Under Article 57 of the Family and Guardianship Code, when granting a divorce the court also rules on whether either or both spouses bear fault for the breakdown of the marriage – unless both parties jointly ask the court not to address fault at all.
Fault in divorce law is not the same as moral responsibility for a difficult relationship. The court is asking one specific question: did this spouse’s conduct contribute to the breakdown of the marriage? Conduct that occurred after the marriage had already effectively ended – however serious or blameworthy in itself – cannot be the cause of something that had already happened.
This distinction sounds straightforward, but in practice it is genuinely difficult to apply. Marital conflicts tend to escalate over time, with each side’s behaviour feeding the other’s. Disentangling the original source of the crisis from the reactions and counter-reactions that followed requires the court to carefully reconstruct the entire sequence of events.
Cause or consequence – the distinction that changes everything
Consider a marriage in which one spouse has abused alcohol for years, neglecting the family and causing repeated conflict. The other spouse – exhausted, isolated, and receiving no support – gradually changes: they begin reacting with anger, exchanging insults, eventually searching through their partner’s belongings. Do these behaviours count against them on the question of fault?
The answer depends on when they occurred. If the conduct appeared after the marriage had already factually broken down – and if it arose as a reaction to the other spouse’s earlier behaviour – the court may conclude that it was not a cause of the breakdown but a consequence of it. That is a fundamental distinction from the perspective of a fault finding.
Polish family courts are increasingly careful about this. Mutual accusations are a fixture of contested divorce proceedings, and the court’s task is to separate the original causes from the secondary reactions that followed.
When exactly did the marriage break down?
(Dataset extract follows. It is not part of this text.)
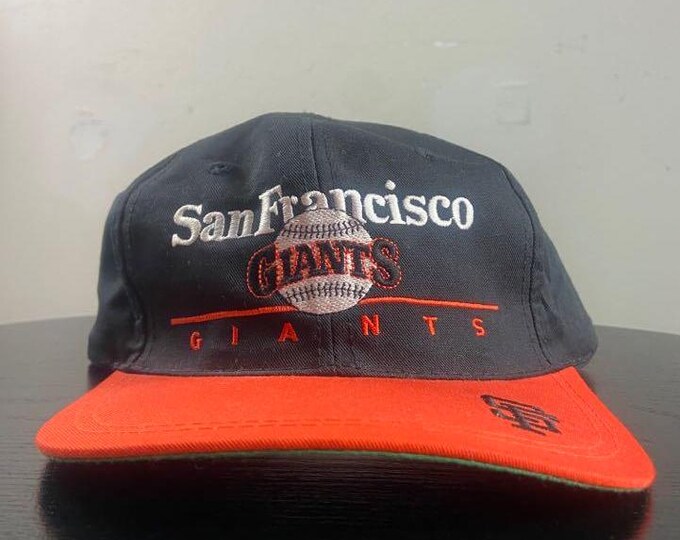 Vintage San Francisco Giants Snapback Hat OSFA MLB Baseball National League Barry Bonds Willie Mays California 1990s 90s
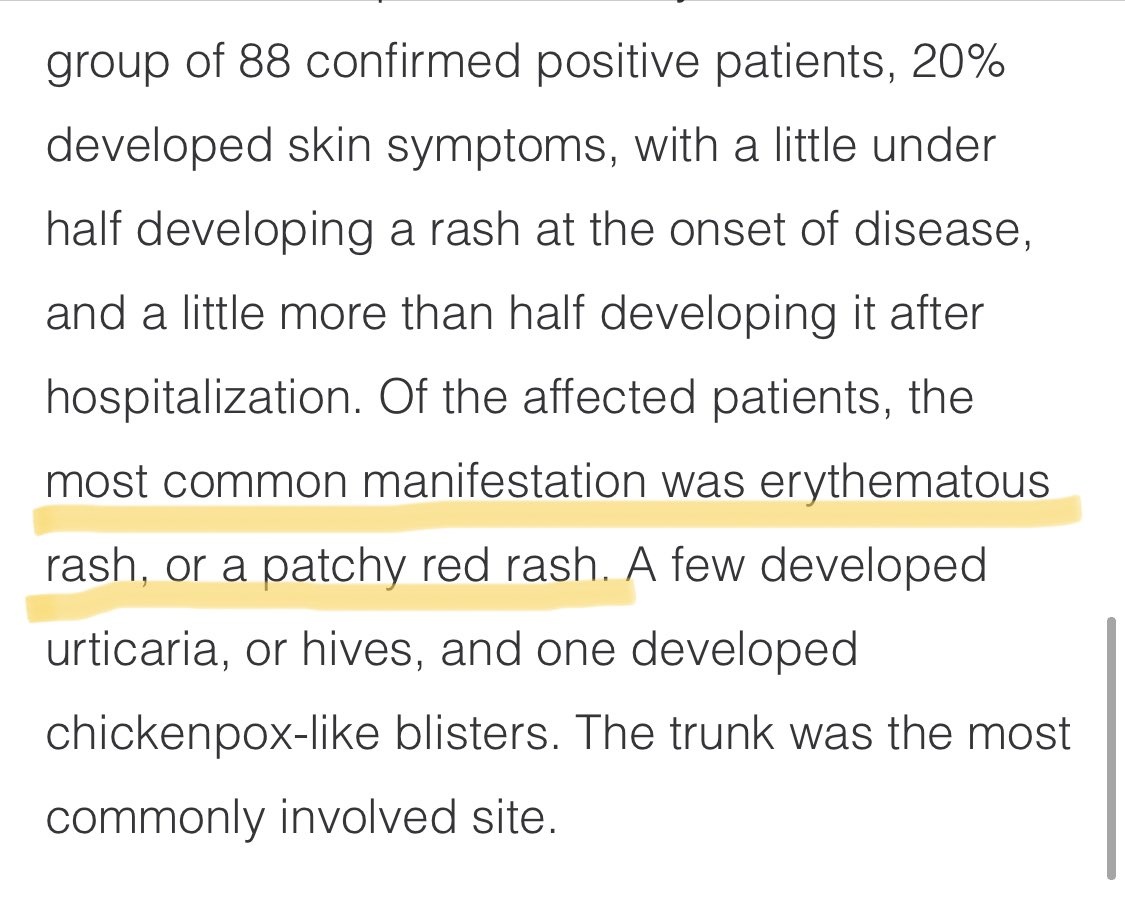 When COVID 19 began spreading, I was talking to a Black doctor who was frustrated AF.Apparently there was a symptom of COVID-19 that began appearing. How was it described?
Polish law requires that the breakdown of marital life be both complete and permanent before a divorce can be granted (Article 56 § 1 of the Family and Guardianship Code). This means the breakdown of three bonds: emotional, physical, and economic. In practice these rarely all end at the same moment – the dissolution of a marriage is a process that unfolds over time.
Establishing precisely when the breakdown occurred has a direct bearing on the fault analysis. Conduct that took place before that point may have contributed to the breakdown. Conduct that came after cannot have caused it.
Evidence used to establish the timing of breakdown can take many forms: moving to separate bedrooms or separate addresses, ceasing to share meals or manage finances jointly, written communications showing the state of the relationship at a particular time. Each of these circumstances has a date – and it is the date that matters.
How an appellate court reversed a fault finding – a real example
The Court of Appeal in Poznań, in its judgment in case I ACa 230/19, fundamentally changed the first-instance court’s assessment of fault – precisely because the lower court had failed to properly analyse the chronology and causation of events.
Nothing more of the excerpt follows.